O vínculo matrimonial possui um caráter sagrado, pois tem Deus por autor e constitui figura da Encarnação do Verbo e de sua união mística com a Igreja

Em seguida narra o Gênesis que, depois de criar Eva e apresentá-la a Adão, o Senhor os abençoou, dizendo: “Deixará o homem seu pai e sua mãe, e se unirá à sua mulher, e os dois serão uma só carne” (Gn 2, 24). E esta bênção tornou possível e digno o cumprimento do mandato: “Multiplicai-vos e enchei a terra” (Gn 1, 28).

Em consequência, a união conjugal está destinada a produzir dois frutos: um natural, que é a perpetuação da espécie humana; outro espiritual, que é o auxílio mútuo e a santificação dos cônjuges, cujo relacionamento deve participar do mais alto grau de amizade.1 Esse vínculo possui verdadeiramente um caráter sagrado, não adquirido, mas intrínseco, não inventado pelos homens, mas impresso na própria natureza, por ter Deus como autor e por ser figura da Encarnação do Verbo.2

Elevação ao plano sobrenatural

O Divino Mestre não poupou esforços para enaltecer a santidade do matrimônio.
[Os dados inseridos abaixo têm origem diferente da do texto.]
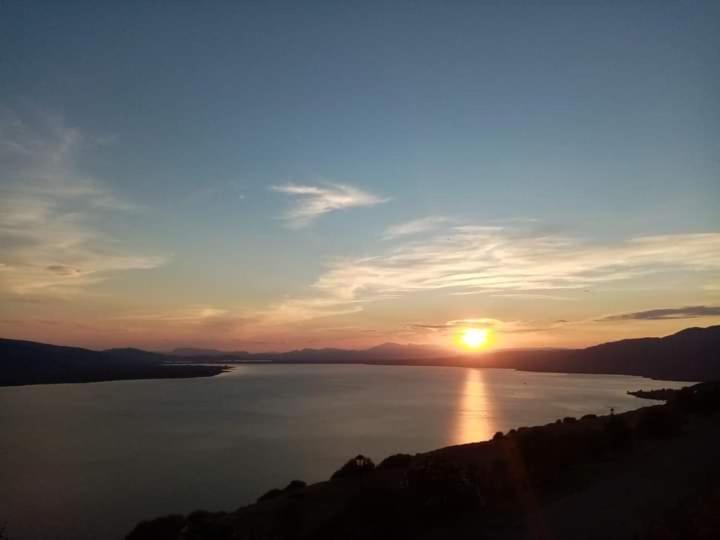 The Lake House" -Trichonida Lake Marathias  Buitenkant foto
Narram os Evangelhos que, como início de sua vida pública, Ele Se dignou comparecer a um casamento acontecido em Caná, na Galileia (cf. Jo 2, 1-11). “Ele, que nasceu de uma Virgem e por seu exemplo e suas palavras exaltou a virgindade, […] quis honrar o casamento com sua presença e lhe premiar com um grande dom [seu primeiro milagre], a fim de que ninguém visse no casamento uma simples satisfação das paixões, nem o declarasse ilícito”.3

Em suas pregações pela Judeia, e em oposição às deformações introduzidas pela praxe no povo eleito, o Redentor completou sua obra elevando a união conjugal à condição de Sacramento e restituindo-lhe a primitiva pureza e indissolubilidade: “Não separe o homem o que Deus uniu” (Mt 19, 6). Ao casamento alçado ao plano sobrenatural ficava então vinculada a graça de Deus para sempre. Ninguém mais precisaria ver nele somente um estado que impunha deveres difíceis, mas uma verdadeira fonte de benefícios, auxílios e bênçãos.
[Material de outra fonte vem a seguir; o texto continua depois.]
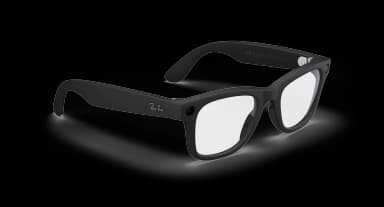 What the user sees and hears through Meta Ray-Ban Smart Glasses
Essa união possui, no entanto, um aspecto ainda mais sublime.

“Este mistério é grande”

Afirma São Tomás de Aquino4 que há quatro Sacramentos ditos grandes: o Batismo, por razão do efeito, que consiste em apagar o pecado original e abrir as portas do Céu; a Confirmação, por razão do ministro, pois somente os Bispos a dispensam; a Eucaristia, porque contém o próprio Cristo; e o Matrimônio, por razão de seu significado, uma vez que representa a união de Cristo com a Igreja.

De que excelente condição simbólica adornou Deus o vínculo matrimonial! Com efeito, a Tradição ensina que, tal como ocorreu com Adão e Eva no Paraíso, do costado de Cristo adormecido na Cruz o Pai formou-Lhe uma Esposa: a Igreja.5 E o Cordeiro Divino, ao despertar ressurrecto do sono da morte, contemplou-a – carne de sua carne e ossos de seus ossos (cf. Gn 2, 23) – com infinito amor e uniu-Se a ela em místico desponsório. Destas sagradas núpcias serão gerados todos os filhos de Deus até a consumação dos séculos.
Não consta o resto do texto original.